El Día Internacional de las Mujeres no debería ser una fecha solo para felicitar, sino para incomodar: para preguntarnos qué hemos hecho, y qué nos falta por hacer, en la construcción de una sociedad que trate a las mujeres como ciudadanas plenas, sin condiciones ni excusas.
La igualdad formal ya existe. Nadie discute hoy el principio de igualdad ante la ley. Lo que falta es la igualdad efectiva, la que está lejos del papel: la que se nota en los salarios, en los cuidados, en la representación política, en la seguridad en las calles o en las oportunidades para decidir sobre la propia vida.
Esa brecha, asociada a la falta de igualdad, no es una incómoda realidad por falta de leyes, sino por exceso de conformismo social. Realidad que vemos, por ejemplo, en el entorno laboral, en la costumbre de mirar hacia otro lado cuando un compañero interrumpe a una mujer en una reunión, cuando el liderazgo sigue teniendo rostro masculino, cuando se espera que la conciliación dependa del sacrificio femenino.
Avanzar en igualdad no es tarea sólo de las mujeres: es un deber colectivo. Requiere instituciones que asuman su responsabilidad, empresas que rompan inercias, medios que cambien la mirada y hombres que entiendan que ceder privilegios no es perder derechos, sino ganar justicia y avanzar en igualdad. Avanzar significa revisar la cultura, los hábitos y las normas no escritas que siguen marcando lo que “se espera” de unas y otros. La igualdad no se decreta, se aprende, se practica y se defiende.

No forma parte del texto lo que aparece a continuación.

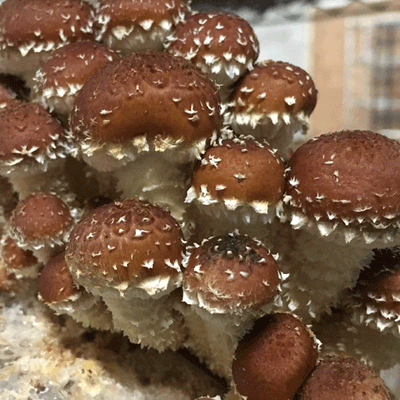 Chestnut Fungus Sawdust Spawn - (Pholiota adiposa) - 5lb - Product Image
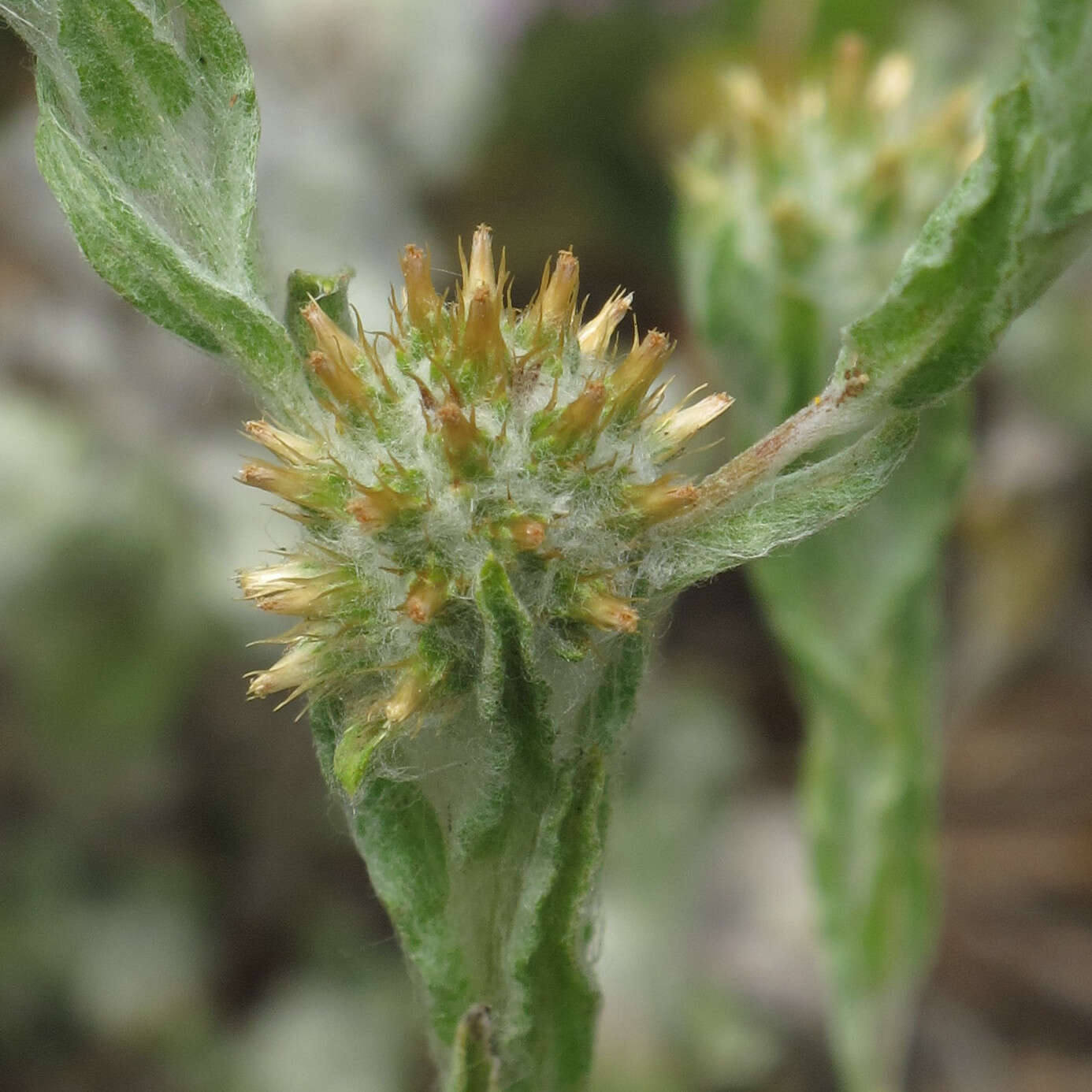 Image of common cottonrose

Este 8 de marzo no necesitamos consignas vacías. Necesitamos una ciudadanía que entienda que la democracia no está completa mientras la mitad de la población siga cargando con la peor parte, con roles desiguales, con techos y suelos que atrapan en brechas a la mitad de la población. Que el feminismo no es una bandera de un sector, sino la condición necesaria para una sociedad decente.
La pregunta no es cuántos actos se organizan o cuántos carteles o cuántos lazos se cuelgan, ni de qué solapas; sino cuántas personas están dispuestas a cambiar algo de sí mismas para que la igualdad deje de ser un lema y se convierta, por fin, en una realidad cotidiana.